- [Task instructions]:
Extract, exactly and without pictures, every line from the one that includes "EA Sports podría" through the final line of the material below.
↓
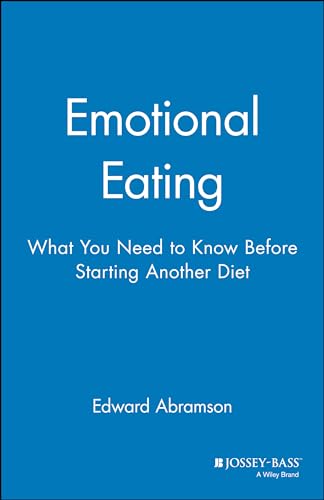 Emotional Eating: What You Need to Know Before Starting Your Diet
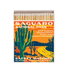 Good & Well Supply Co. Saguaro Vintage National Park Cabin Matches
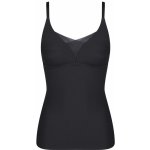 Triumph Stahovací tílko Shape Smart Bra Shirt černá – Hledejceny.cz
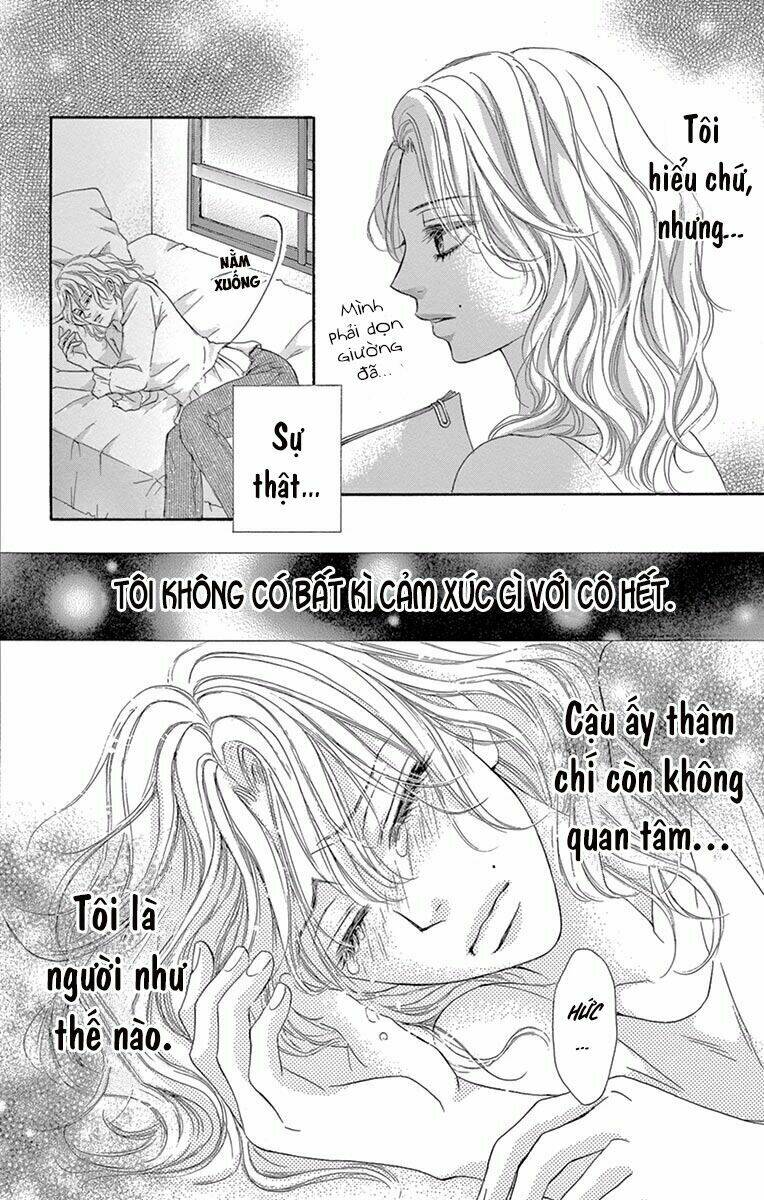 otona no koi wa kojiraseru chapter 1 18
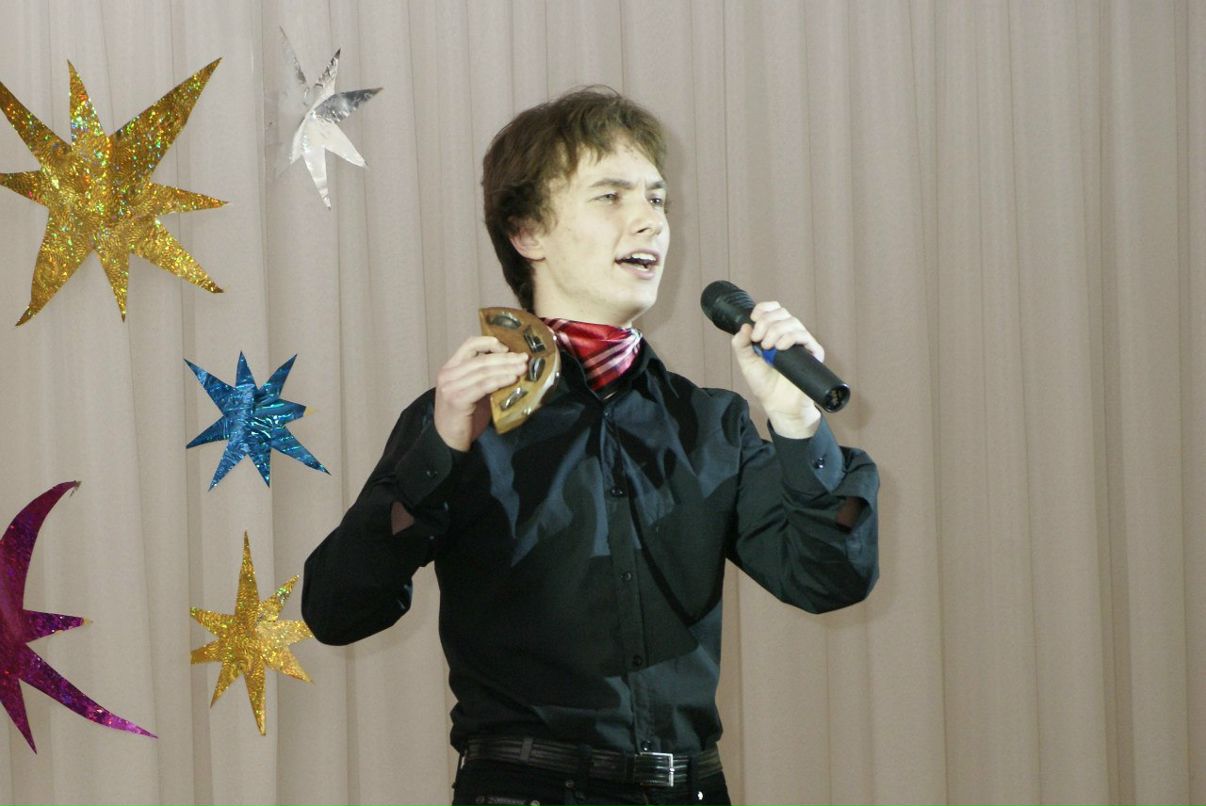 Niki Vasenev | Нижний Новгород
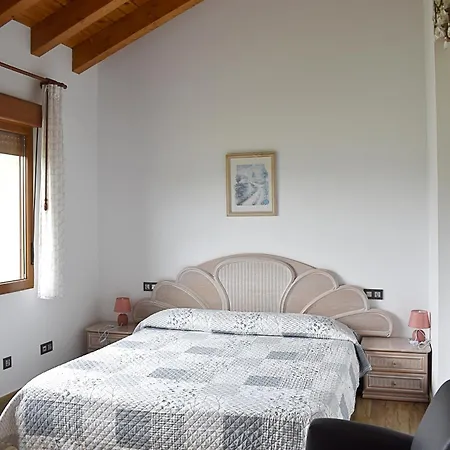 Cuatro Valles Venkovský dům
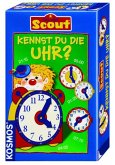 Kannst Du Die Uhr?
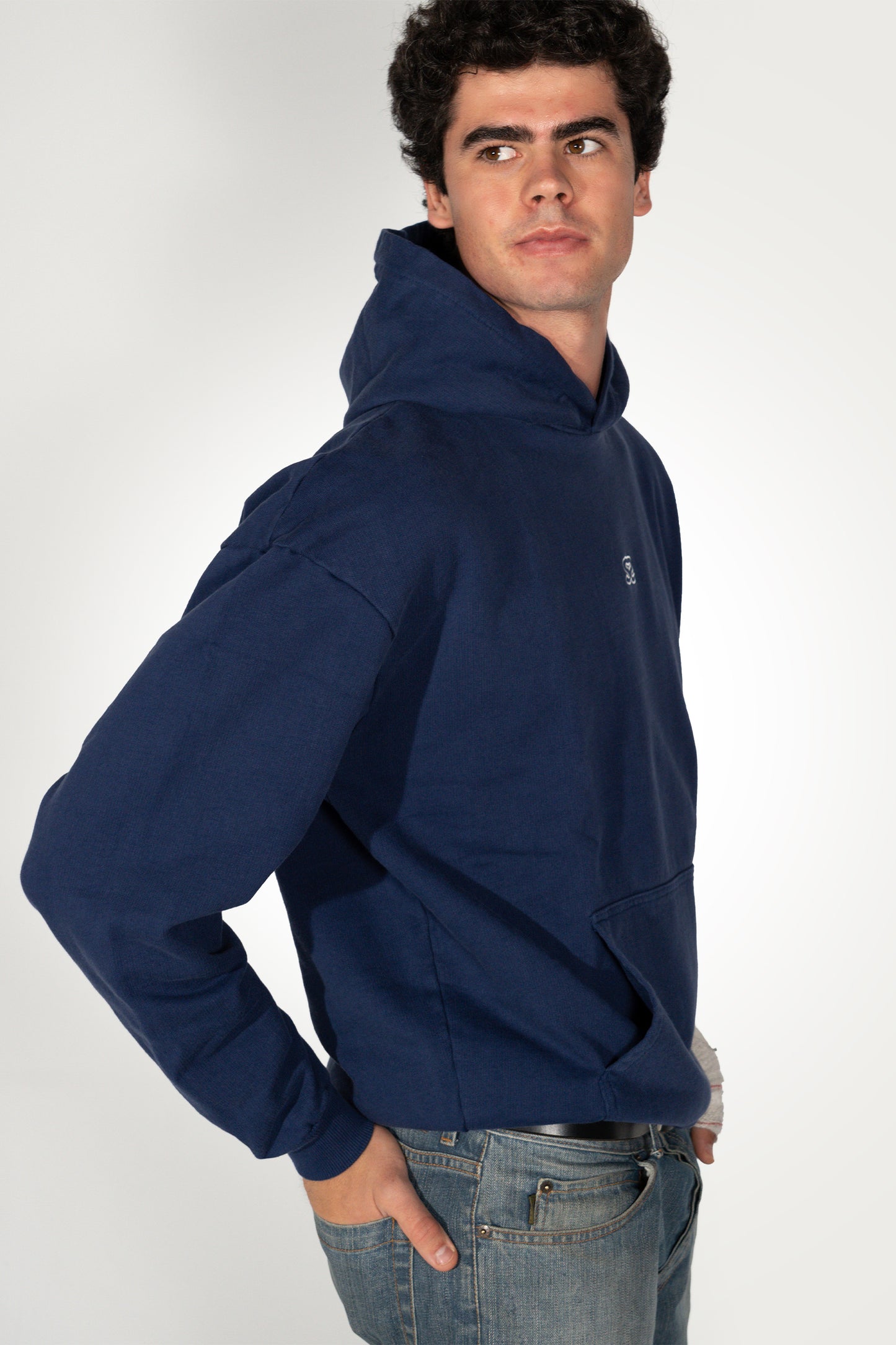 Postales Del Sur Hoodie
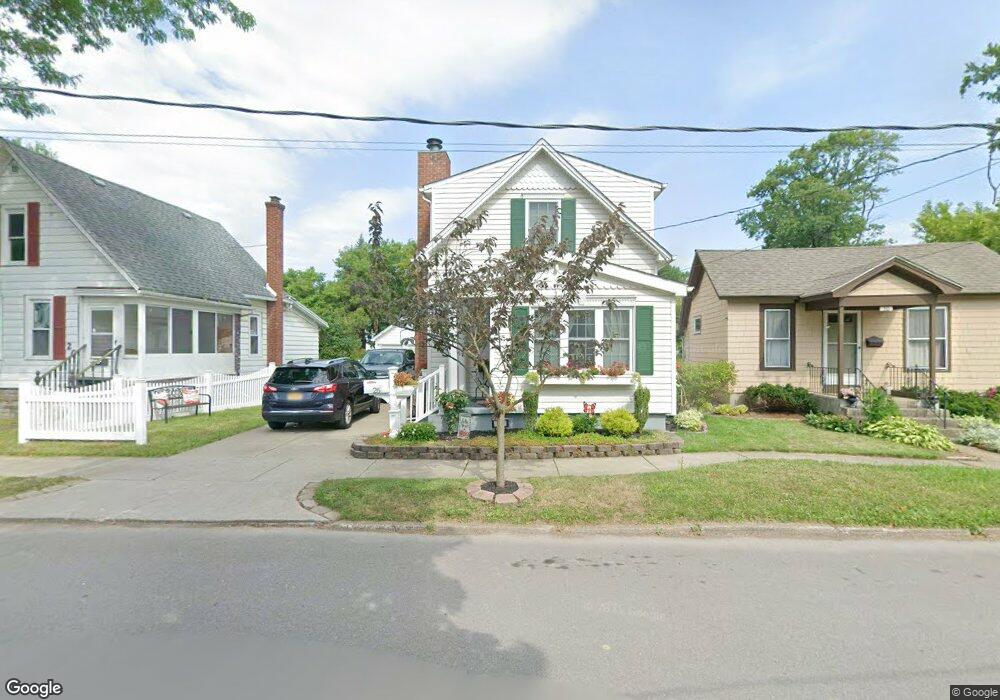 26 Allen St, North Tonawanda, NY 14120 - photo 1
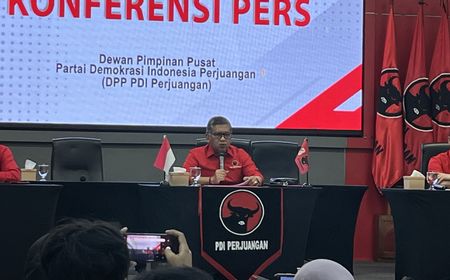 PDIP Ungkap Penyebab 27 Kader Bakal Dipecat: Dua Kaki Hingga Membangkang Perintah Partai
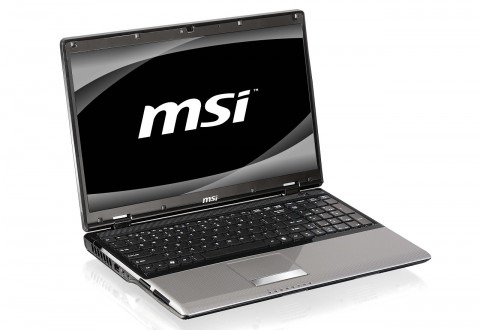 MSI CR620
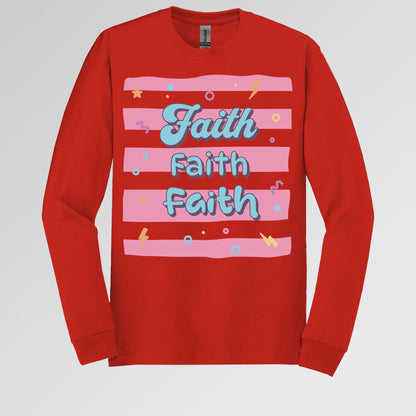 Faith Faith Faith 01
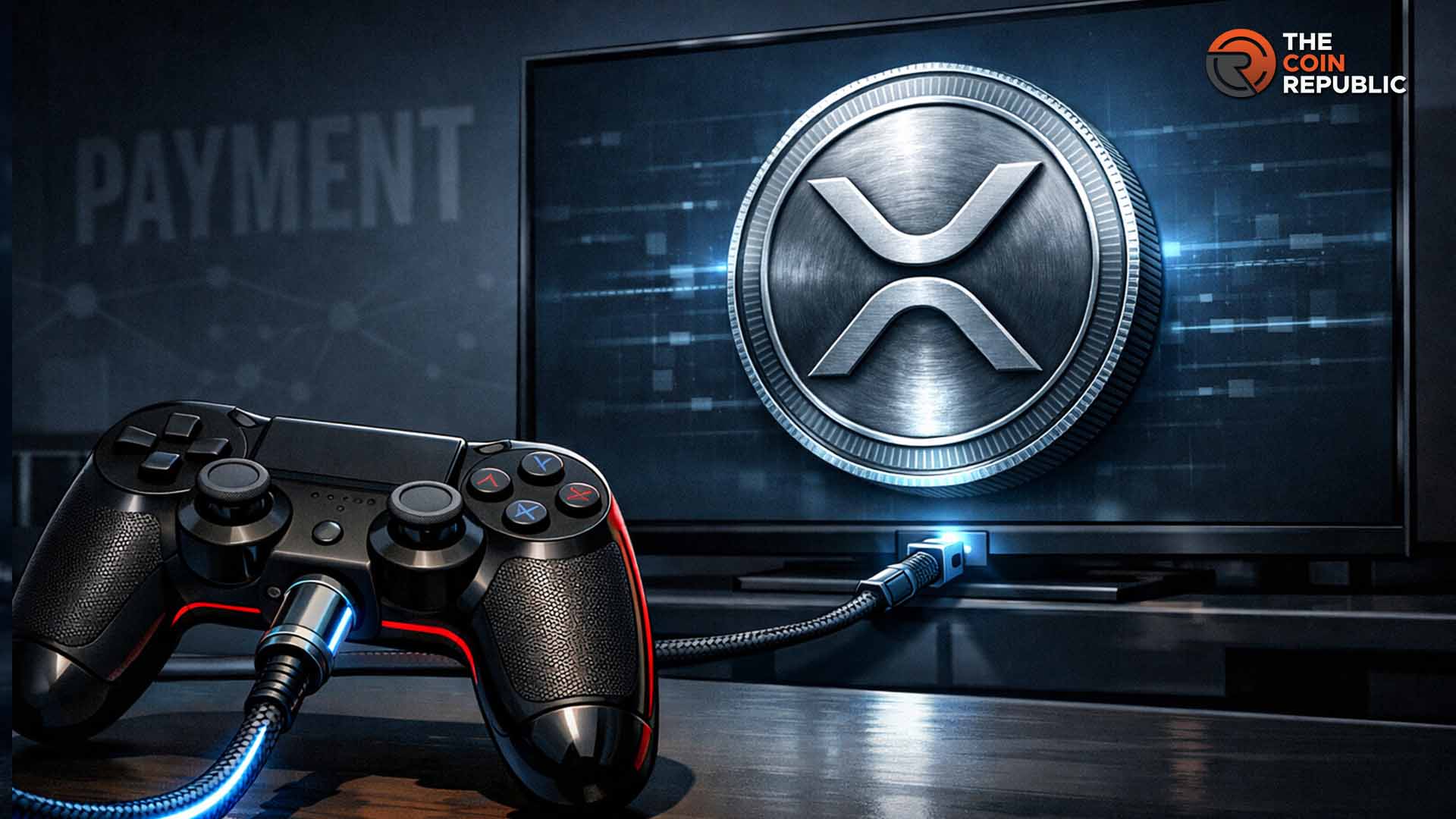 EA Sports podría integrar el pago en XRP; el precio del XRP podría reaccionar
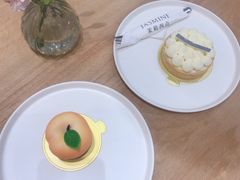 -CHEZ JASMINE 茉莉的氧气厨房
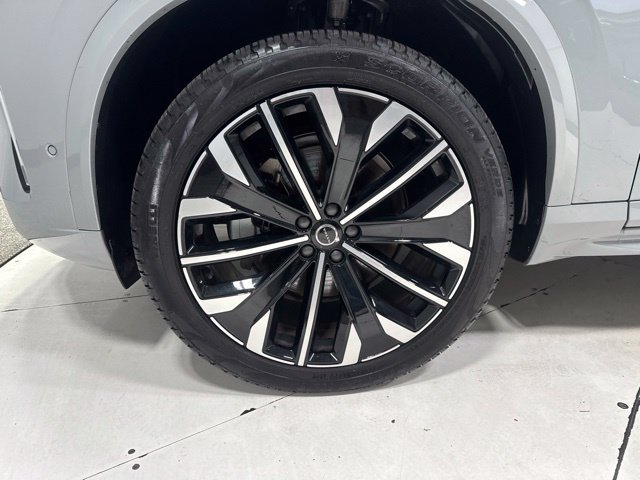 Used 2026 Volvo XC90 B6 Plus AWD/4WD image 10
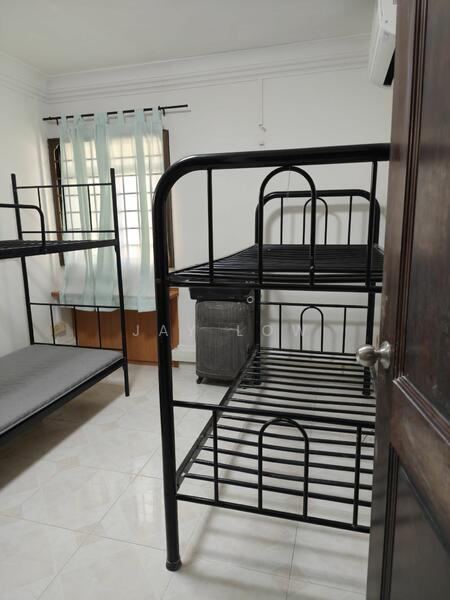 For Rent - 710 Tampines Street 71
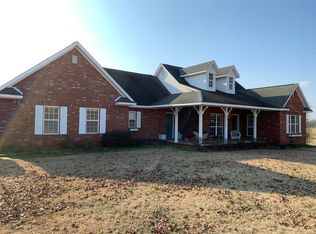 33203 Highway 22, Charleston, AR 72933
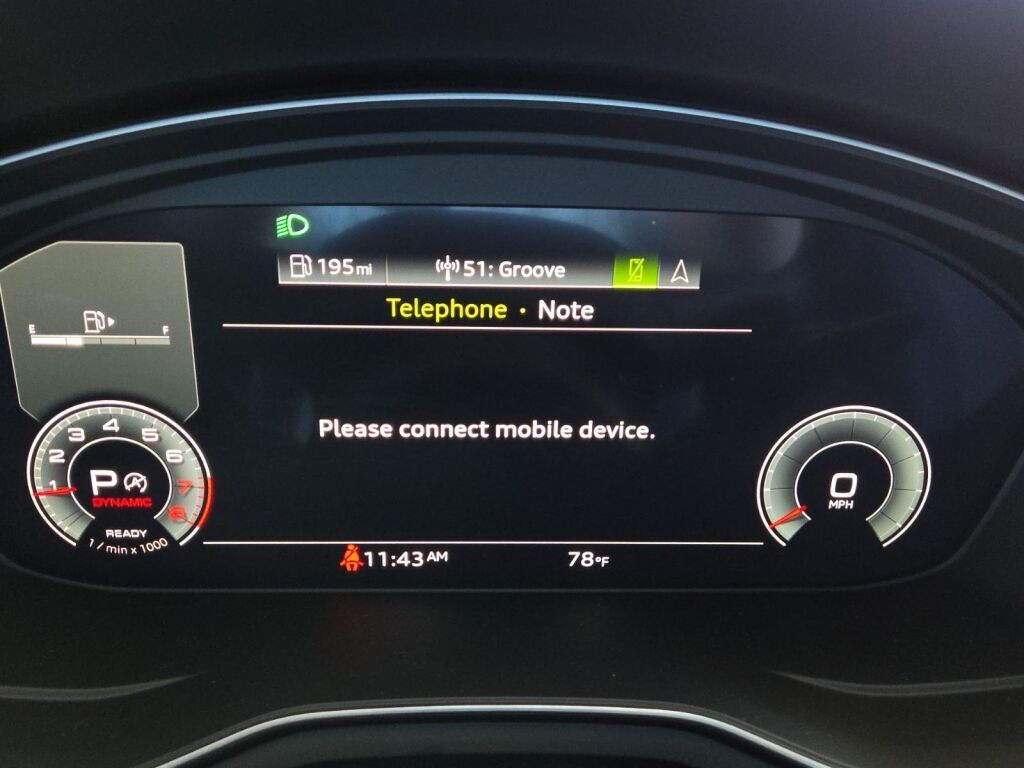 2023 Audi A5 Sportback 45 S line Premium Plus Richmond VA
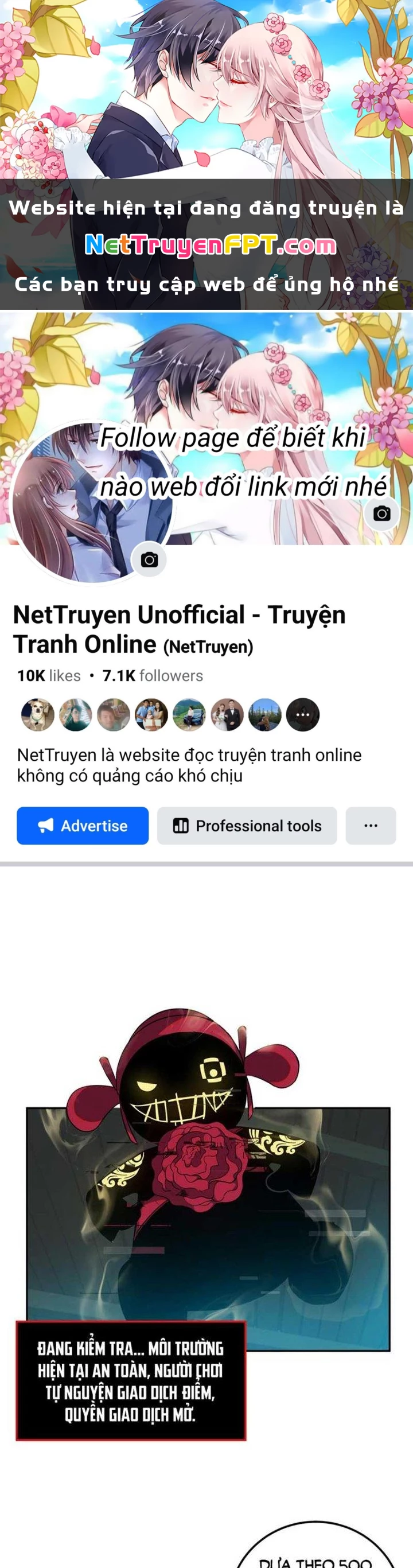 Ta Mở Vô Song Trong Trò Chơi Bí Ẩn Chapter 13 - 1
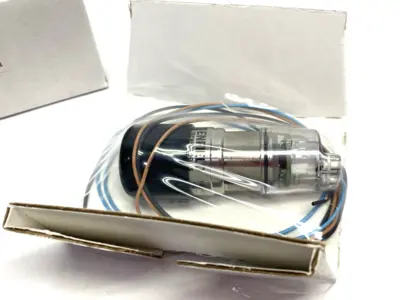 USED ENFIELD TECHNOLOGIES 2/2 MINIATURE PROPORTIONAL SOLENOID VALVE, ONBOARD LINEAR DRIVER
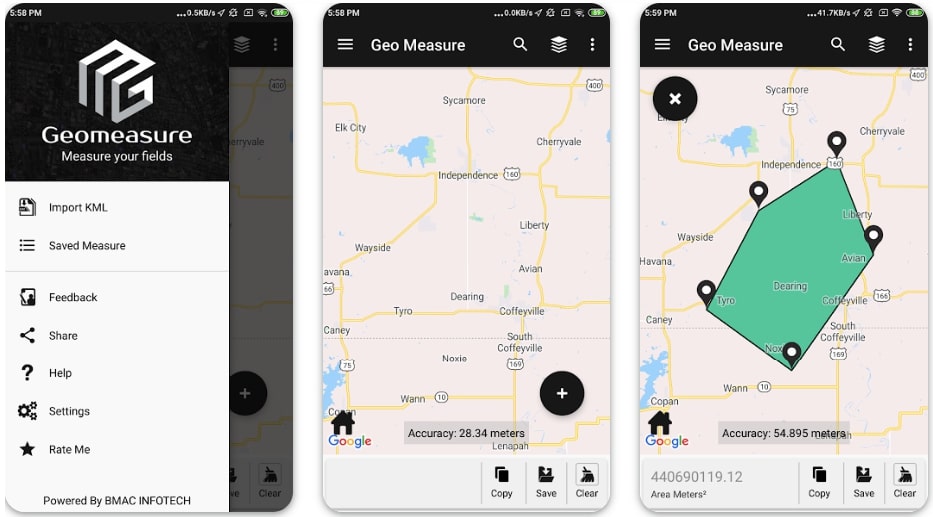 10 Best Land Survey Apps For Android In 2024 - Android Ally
↑
- [Answer box]:
 EA Sports podría integrar el pago en XRP; el precio del XRP podría reaccionar
 -CHEZ JASMINE 茉莉的氧气厨房
 Used 2026 Volvo XC90 B6 Plus AWD/4WD image 10
 For Rent - 710 Tampines Street 71
 33203 Highway 22, Charleston, AR 72933
 2023 Audi A5 Sportback 45 S line Premium Plus Richmond VA
 Ta Mở Vô Song Trong Trò Chơi Bí Ẩn Chapter 13 - 1
 USED ENFIELD TECHNOLOGIES 2/2 MINIATURE PROPORTIONAL SOLENOID VALVE, ONBOARD LINEAR DRIVER
 10 Best Land Survey Apps For Android In 2024 - Android Ally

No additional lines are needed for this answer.